When I returned home I got a call from the guy that also had a dance with her and said he was scared because he had a rash on his genitals. I also did but assumed it was from the hot tub we sat in everyday drinking. I started to freak out thinking I have an std. My friend said he would get tested and see what happens. I decided I needed to tell my wife that day. I couldn't take the chance she would touch me and get something. I went to the doctor the next day and explained what happened. She said it looks like a chemical rash and took a blood test for any std.

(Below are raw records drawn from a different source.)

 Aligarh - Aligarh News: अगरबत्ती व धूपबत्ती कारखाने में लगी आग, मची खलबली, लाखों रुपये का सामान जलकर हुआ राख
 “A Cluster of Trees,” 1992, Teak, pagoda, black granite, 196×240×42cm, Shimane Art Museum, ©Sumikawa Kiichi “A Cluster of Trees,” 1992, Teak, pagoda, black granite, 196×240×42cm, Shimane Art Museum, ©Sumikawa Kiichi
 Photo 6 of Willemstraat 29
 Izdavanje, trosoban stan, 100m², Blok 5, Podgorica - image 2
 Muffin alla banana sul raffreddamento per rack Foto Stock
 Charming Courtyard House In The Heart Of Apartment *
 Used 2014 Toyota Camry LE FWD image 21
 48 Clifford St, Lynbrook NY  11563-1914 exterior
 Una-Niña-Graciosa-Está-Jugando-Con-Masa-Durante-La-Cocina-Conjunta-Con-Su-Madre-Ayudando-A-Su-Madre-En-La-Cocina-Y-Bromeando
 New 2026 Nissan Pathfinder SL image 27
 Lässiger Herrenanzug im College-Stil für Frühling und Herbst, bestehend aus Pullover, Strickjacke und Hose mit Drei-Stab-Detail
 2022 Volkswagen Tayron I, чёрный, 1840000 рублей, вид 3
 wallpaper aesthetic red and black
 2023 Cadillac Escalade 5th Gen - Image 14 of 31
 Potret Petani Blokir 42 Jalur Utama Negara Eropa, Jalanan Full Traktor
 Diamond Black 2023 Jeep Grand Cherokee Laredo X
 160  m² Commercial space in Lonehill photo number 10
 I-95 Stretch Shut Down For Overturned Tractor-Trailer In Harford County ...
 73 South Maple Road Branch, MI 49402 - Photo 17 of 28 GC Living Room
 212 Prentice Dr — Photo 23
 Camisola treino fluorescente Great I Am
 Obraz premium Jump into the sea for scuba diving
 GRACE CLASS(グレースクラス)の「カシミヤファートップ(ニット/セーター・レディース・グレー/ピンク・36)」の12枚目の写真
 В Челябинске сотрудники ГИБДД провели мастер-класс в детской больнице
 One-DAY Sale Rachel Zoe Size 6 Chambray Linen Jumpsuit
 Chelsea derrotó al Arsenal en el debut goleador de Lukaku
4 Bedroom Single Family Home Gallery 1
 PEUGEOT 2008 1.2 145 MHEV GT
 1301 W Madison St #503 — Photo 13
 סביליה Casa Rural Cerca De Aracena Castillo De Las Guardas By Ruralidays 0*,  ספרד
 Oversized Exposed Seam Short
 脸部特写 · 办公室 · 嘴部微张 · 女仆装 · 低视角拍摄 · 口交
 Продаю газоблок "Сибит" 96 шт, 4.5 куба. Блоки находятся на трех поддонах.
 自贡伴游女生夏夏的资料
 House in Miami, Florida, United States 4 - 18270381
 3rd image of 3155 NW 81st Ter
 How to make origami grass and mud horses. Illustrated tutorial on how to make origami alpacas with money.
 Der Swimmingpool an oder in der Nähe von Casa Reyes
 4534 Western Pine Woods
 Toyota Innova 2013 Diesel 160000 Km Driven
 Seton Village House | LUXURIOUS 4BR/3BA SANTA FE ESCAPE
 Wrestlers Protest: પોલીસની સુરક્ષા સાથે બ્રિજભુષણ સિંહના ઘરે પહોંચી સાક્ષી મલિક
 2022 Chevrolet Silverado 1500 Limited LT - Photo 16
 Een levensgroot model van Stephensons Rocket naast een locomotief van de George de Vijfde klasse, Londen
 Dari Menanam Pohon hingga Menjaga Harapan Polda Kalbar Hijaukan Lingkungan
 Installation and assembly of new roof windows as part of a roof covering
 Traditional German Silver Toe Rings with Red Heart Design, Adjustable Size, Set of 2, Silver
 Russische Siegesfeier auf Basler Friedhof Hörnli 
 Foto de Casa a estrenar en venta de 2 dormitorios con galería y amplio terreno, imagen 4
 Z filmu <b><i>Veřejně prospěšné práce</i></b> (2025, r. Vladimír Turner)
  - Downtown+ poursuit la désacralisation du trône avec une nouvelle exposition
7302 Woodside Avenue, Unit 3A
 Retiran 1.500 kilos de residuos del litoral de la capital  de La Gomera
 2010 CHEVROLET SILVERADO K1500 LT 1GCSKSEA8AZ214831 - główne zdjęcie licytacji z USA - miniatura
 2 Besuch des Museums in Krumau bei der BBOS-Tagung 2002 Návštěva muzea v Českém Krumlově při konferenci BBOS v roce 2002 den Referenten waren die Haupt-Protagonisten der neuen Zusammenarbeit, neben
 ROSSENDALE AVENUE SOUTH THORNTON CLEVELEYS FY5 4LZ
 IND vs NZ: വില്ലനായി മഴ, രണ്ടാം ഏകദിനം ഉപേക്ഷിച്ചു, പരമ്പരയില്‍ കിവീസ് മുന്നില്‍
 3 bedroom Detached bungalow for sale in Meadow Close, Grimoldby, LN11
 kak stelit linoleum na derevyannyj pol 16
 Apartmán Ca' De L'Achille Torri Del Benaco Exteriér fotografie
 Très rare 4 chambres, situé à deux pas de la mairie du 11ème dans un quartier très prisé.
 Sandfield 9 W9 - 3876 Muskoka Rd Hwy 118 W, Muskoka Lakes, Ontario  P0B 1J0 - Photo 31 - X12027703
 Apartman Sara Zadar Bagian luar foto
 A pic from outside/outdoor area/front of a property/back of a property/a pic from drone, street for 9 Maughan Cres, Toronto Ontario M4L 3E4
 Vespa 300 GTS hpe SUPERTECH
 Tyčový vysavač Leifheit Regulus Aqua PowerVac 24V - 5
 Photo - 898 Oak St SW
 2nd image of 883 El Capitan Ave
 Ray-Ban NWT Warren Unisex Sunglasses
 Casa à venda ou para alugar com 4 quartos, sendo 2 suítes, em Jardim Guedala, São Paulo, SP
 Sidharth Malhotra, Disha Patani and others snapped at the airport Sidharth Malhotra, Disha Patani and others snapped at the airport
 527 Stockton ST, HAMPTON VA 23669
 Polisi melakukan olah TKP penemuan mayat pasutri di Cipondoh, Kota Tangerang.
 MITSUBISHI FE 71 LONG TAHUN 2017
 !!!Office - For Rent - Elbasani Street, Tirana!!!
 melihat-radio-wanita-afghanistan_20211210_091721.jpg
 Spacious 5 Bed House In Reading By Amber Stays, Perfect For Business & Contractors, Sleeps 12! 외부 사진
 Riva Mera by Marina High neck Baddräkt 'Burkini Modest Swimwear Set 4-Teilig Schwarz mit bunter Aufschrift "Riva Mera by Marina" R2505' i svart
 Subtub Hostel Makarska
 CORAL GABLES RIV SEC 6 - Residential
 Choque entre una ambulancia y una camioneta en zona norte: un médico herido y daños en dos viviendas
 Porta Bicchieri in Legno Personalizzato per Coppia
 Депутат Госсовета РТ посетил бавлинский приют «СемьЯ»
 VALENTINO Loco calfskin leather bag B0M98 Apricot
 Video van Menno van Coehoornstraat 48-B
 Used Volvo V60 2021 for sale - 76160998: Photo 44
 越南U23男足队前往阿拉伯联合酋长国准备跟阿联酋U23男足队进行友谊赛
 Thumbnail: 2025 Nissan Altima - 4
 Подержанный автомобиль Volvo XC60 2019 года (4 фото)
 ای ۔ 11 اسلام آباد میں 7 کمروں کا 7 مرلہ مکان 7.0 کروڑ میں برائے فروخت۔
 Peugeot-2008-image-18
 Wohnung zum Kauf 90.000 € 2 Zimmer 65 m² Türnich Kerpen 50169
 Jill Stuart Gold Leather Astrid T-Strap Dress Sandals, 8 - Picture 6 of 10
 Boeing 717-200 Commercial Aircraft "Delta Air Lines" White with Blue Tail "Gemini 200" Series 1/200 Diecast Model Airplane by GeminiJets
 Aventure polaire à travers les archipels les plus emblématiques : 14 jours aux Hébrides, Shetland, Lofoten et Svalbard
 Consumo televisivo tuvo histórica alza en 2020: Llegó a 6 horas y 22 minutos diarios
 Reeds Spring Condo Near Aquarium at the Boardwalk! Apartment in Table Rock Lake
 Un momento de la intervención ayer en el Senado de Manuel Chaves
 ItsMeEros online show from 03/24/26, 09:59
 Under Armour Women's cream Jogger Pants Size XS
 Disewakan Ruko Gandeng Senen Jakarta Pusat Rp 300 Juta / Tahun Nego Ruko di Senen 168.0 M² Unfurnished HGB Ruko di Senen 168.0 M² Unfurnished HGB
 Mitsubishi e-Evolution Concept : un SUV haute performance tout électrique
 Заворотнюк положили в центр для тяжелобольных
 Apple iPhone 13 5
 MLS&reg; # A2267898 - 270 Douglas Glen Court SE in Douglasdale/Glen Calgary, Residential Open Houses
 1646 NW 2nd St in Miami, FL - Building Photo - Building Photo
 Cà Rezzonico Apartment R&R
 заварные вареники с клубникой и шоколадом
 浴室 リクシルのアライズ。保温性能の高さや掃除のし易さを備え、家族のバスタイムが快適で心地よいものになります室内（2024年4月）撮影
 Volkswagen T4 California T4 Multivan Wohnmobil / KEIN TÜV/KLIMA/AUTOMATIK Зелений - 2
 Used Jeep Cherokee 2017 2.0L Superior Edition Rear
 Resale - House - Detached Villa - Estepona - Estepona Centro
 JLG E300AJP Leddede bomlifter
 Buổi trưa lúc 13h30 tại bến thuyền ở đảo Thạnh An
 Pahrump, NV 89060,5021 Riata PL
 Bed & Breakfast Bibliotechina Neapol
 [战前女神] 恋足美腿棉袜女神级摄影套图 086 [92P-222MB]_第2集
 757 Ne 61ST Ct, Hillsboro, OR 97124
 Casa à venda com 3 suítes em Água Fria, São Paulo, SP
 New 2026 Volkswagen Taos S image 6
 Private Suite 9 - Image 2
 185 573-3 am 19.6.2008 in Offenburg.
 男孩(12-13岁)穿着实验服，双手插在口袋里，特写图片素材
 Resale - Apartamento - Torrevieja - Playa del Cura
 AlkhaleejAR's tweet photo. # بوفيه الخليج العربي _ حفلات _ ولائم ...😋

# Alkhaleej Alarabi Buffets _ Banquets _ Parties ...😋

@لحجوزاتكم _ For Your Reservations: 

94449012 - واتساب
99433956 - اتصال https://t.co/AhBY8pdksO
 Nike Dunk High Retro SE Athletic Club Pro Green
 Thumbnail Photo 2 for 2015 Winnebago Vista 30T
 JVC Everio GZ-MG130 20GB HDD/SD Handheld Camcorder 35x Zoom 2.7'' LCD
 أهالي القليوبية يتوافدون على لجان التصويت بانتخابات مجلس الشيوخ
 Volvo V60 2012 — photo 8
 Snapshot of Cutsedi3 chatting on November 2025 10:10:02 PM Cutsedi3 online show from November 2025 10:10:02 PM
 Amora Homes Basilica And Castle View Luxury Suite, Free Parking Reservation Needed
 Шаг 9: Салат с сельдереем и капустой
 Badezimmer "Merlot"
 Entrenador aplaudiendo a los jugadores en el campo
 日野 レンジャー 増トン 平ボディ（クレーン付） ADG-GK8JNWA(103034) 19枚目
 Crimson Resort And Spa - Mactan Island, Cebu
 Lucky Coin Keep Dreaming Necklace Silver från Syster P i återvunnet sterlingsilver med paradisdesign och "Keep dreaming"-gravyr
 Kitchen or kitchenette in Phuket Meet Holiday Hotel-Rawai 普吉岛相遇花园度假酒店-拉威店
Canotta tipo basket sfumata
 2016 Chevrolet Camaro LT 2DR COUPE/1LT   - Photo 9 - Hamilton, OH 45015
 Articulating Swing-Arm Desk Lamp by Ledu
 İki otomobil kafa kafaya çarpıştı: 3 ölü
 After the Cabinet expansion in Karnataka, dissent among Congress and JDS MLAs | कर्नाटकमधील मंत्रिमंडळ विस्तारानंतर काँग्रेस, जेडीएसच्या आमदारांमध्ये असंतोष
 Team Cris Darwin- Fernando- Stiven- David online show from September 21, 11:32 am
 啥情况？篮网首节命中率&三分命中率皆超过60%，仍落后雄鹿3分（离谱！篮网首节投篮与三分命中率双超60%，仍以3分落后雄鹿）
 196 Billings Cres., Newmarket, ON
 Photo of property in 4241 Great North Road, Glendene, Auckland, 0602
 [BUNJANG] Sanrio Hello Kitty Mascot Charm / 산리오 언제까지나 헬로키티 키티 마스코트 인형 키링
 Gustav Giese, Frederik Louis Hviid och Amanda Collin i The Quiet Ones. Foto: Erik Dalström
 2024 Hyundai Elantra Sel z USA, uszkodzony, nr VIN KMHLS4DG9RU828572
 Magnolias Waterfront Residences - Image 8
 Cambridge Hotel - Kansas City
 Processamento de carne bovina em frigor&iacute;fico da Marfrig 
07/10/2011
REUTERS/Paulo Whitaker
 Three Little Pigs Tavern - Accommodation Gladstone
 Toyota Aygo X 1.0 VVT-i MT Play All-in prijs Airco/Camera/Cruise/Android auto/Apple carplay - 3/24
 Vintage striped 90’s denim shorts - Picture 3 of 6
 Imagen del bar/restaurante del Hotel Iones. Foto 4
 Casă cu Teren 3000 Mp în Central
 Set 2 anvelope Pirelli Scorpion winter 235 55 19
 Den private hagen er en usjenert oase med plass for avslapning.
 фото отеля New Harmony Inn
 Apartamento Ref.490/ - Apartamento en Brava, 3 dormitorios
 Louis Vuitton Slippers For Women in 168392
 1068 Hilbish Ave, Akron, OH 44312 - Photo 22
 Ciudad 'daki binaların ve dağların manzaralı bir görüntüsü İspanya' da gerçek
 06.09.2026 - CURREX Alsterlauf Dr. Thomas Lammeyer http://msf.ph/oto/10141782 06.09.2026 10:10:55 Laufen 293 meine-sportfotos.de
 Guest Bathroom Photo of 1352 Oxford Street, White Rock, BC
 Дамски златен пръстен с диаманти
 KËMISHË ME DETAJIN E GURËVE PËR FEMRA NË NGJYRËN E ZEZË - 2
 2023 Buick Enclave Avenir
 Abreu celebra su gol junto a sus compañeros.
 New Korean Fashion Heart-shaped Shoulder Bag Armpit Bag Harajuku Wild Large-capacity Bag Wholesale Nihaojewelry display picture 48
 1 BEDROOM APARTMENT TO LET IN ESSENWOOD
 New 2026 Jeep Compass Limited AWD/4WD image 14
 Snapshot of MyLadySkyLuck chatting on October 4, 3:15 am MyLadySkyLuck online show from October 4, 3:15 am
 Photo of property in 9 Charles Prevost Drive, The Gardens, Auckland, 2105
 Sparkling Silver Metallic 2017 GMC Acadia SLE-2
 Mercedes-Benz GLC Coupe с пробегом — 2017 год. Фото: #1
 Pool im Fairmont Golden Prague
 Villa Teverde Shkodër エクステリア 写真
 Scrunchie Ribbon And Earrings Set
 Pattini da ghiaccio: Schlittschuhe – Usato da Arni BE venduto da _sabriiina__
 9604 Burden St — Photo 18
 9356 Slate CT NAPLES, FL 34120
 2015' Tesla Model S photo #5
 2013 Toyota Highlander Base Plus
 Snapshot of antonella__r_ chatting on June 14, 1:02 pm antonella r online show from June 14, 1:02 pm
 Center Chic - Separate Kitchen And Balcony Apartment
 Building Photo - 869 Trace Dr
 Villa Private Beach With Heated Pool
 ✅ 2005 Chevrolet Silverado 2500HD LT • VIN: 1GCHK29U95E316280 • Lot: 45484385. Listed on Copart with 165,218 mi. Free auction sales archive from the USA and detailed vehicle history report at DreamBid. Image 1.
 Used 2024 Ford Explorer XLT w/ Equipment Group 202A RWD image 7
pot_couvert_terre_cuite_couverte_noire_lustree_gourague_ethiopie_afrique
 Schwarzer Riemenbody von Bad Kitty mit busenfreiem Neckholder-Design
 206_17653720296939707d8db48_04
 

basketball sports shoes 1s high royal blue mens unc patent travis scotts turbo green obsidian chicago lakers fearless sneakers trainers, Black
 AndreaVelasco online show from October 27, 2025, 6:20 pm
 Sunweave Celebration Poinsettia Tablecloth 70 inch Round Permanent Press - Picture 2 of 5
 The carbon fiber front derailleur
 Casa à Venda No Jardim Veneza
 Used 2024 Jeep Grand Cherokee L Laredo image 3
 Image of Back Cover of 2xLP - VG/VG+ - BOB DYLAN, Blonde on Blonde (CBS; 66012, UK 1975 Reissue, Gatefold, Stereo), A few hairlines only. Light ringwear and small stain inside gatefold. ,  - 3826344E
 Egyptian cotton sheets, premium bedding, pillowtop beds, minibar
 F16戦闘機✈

Until now we have had a very happy marriage. I broke her trust, her safety and her heart. I truly have great remorse. She has been my best friend for a decade and I was selfish and never thought she would know or be effected by my terrible decision. She is devastated, she cries everyday and cant be around my family.
I have been trying so hard to be there anytime she needs me. I've told her I'm sorry so many times I'm afraid it will start to sound insincere. I'm so ashamed of myself and scared about the test results that I will get I am having panic attacks. I know I deserve that but I'm trying to focus on her feelings and not my fears.
Ladies what should I do to prove I love her, regain her trust, repair our marriage and ease the hurt I have caused?